The causes which give rise to what are here described as “moral regions” are due in part to the restrictions which urban life imposes; in part to the license which these same conditions offer. We have, until very recently, given much consideration to the temptations of city life, but we have not given the same consideration to the effects of inhibitions and suppressions of natural impulses and instincts under the changed conditions of metropolitan life. For one thing, children, which in the country are counted as an asset, become in the city a liability. Aside from this fact it is very much more difficult to rear a family in the city than on the farm. Marriage takes place later in the city, and sometimes it doesn’t take place at all. These facts have consequences the significance of which we are as yet wholly unable to estimate.

Investigation of the problems involved might well begin by a study and comparison of the characteristic types of social organization which exist in the regions referred to.

What are the external facts in regard to the life in Bohemia, the half-world, the red-light district, and other “moral regions” less pronounced in character?

What is the nature of the vocations which connect themselves with the ordinary life of these regions? What are the characteristic mental types which are attracted by the freedom which they offer?

How do individuals find their way into these regions? How do they escape from them?

To what extent are the regions referred to the product of the license; to what extent are they due to the restrictions imposed by city life on the natural man?

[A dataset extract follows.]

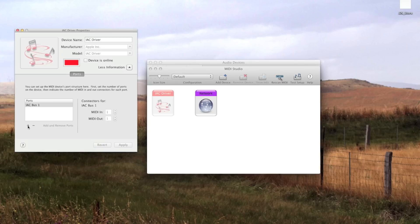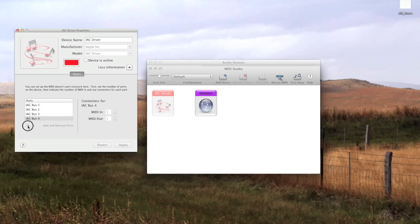For Cubase, you'll have to create at least as many buses as there are instrumental tracks in your arrangement. You might want to create more than needed for later Liquid Nodes sessions with a lot of instruments, for instance.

Temperament and social contagion.—What lends special importance to the segregation of the poor, the vicious, the criminal, and exceptional persons generally, which is so characteristic a feature of city life, is the fact that social contagion tends to stimulate in divergent types the common temperamental differences, and to suppress characters which unite them with the normal types about them. Association with others of their own ilk provides also not merely a stimulus, but a moral support for the traits they have in common which they would not find in a less select society. In the great city the poor, the vicious, and the delinquent, crushed together in an unhealthful and contagious intimacy, breed in and in, soul and body, so that it has often occurred to me that those long genealogies of the Jukes and the tribes of Ishmael would not show such a persistent and distressing uniformity of vice, crime, and poverty unless they were peculiarly fit for the environment in which they are condemned to exist.

We must then accept these “moral regions” and the more or less eccentric and exceptional people who inhabit them, in a sense, at least, as part of the natural, if not the normal, life of a city.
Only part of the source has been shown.